Personne à l’heure actuelle ne peut affirmer avec certitude pourquoi cette décision, aussi imprévue qu’absurde, a été engagée. Les trois candidats principaux crient à la spoliation et au scandale. Le gouverneur de la Banque Centrale, sur ordre du pouvoir, a-t-il vraiment voulu “assainir” la campagne électorale, sans même réfléchir aux conséquences dramatiques que cela pouvait entraîner sur la population? Etait-ce de la pure incompétence économique? Etait-ce un coup bas des dirigeants pour détruire Tinubu, leur propre candidat? Souhaitent-ils secrètement se ranger aux côtés d’Atiku, candidat de l’opposition, mais Hausa et du Nord, tout comme eux…? 

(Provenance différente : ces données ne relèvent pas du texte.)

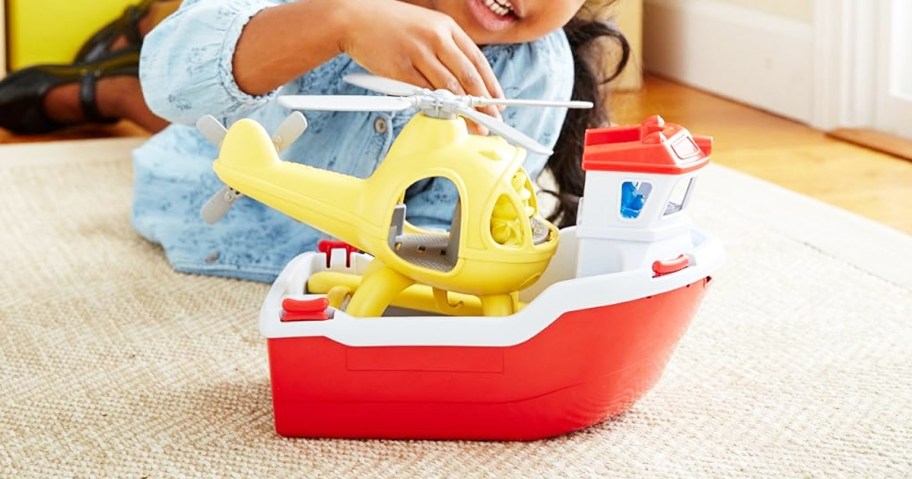 girl laying on floor playing with Green Toys Rescue Boat with Helicopter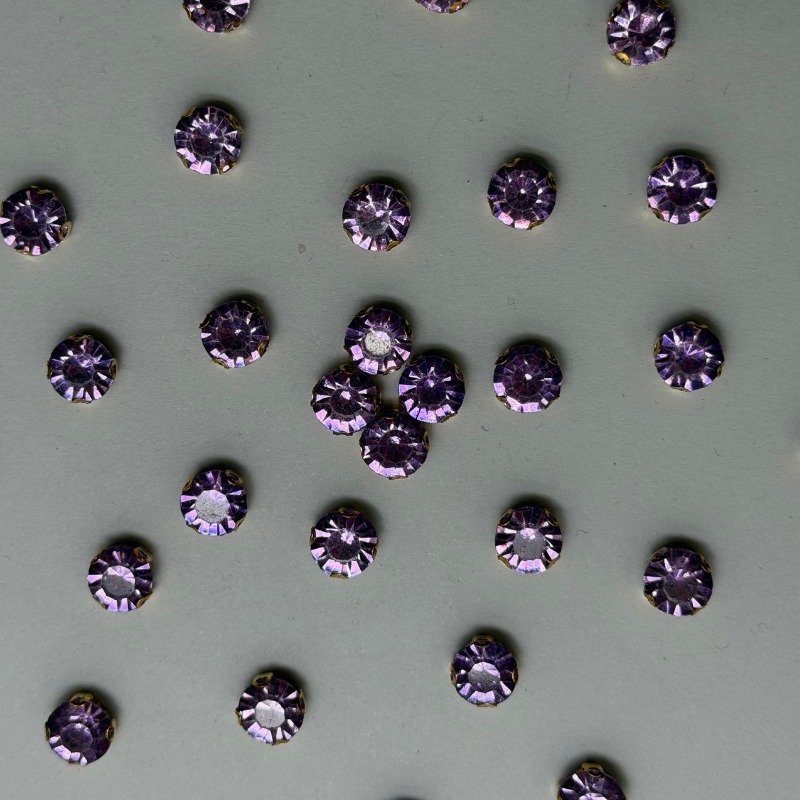 Purple Round Crystal with Gold Claw Setting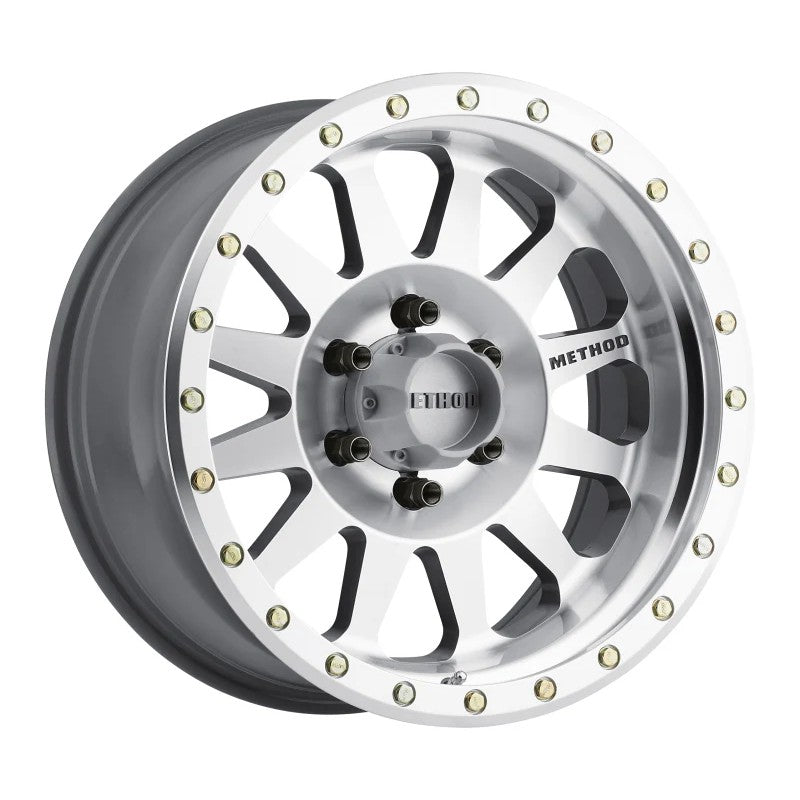 Method MR304 Double Standard 17x8.5 machined 12-spoke wheel with simulated beadlock lip and push-through center cap.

Il est en effet peu probable que cette disette de billets fasse de ce scrutin la première élection où les pauvres ne recevront pas de billets en échange de leur vote. Ces nouveaux billets, tant espérés, sont d’ailleurs aujourd’hui plus convoités que des lingots d’or, et il ne serait pas étonnant de les voir apparaître comme par magie, ce samedi 25 février, entre les mains de tel ou tel cadre local de parti. Mais entre quelles mains seront-ils… cela reste la grande inconnue. Dans tous les cas, tout le monde se battra encore davantage pour les récupérer… 

A quelques jours du scrutin, personne ne peut prédire qui gagnera cette élection.

Sur les réseaux sociaux et sur les ondes des radios locales, les organisations de la société civile et les partisans de Peter Obi – qui n’a de toute façon pas la fortune pour s’engager dans de telles pratiques – s’égosillent pour demander aux plus pauvres de renoncer aux quelques milliers de nairas (quelques euros) en échange de leur vote. Mais comment peut-on espérer que des dizaines de millions d’électeurs tenaillés par la faim, angoissé par le manque d’avenir pour leurs enfants, ou ruinés par des politiques économiques absurdes, puissent miser sur un avenir politique qui ne leur a apporté jusqu’à présent que déconvenues et illusions, à défaut d’un prochain repas, une promesse d’embauche, ou d’une commission future pour un chantier? 

A quelques jours du scrutin, personne ne peut prédire qui gagnera cette élection : celui qui aura réussi à galvaniser les foules? Celui qui parviendra à rassembler le plus grand nombre d’électeurs sous une bannière religieuse ou ethnique? Ou celui qui aura réussi à récupérer les nouvelles devises avant les autres? Pire encore, personne ne sait comment chacun des deux camps réagira et quelles alliances ils pourraient former en cas de second tour, dans un contexte inflammable où des millions de jeunes n’ont plus rien à perdre. Le Dr Olisa Agbakoba, avocat pour les droits de l’Homme et fervent défenseur de la démocratie pendant les dictatures militaires ne se fait pourtant guère d’illusions. “Chaque année, c’est la même chose. Nous élisons une nouvelle équipe de voleurs”, confie-t-il, désabusé. “Parfois, je me demande, est-ce que j’ai bien fait de me battre toute ma vie pour la démocratie? Est-ce que ce système peut fonctionner dans un État où la moitié de la population ne sait ni lire ni écrire, ne pense qu’à son prochain repas et s’en remet à Dieu pour son avenir?”, se lamente-t-il. “Je n’en sais rien”.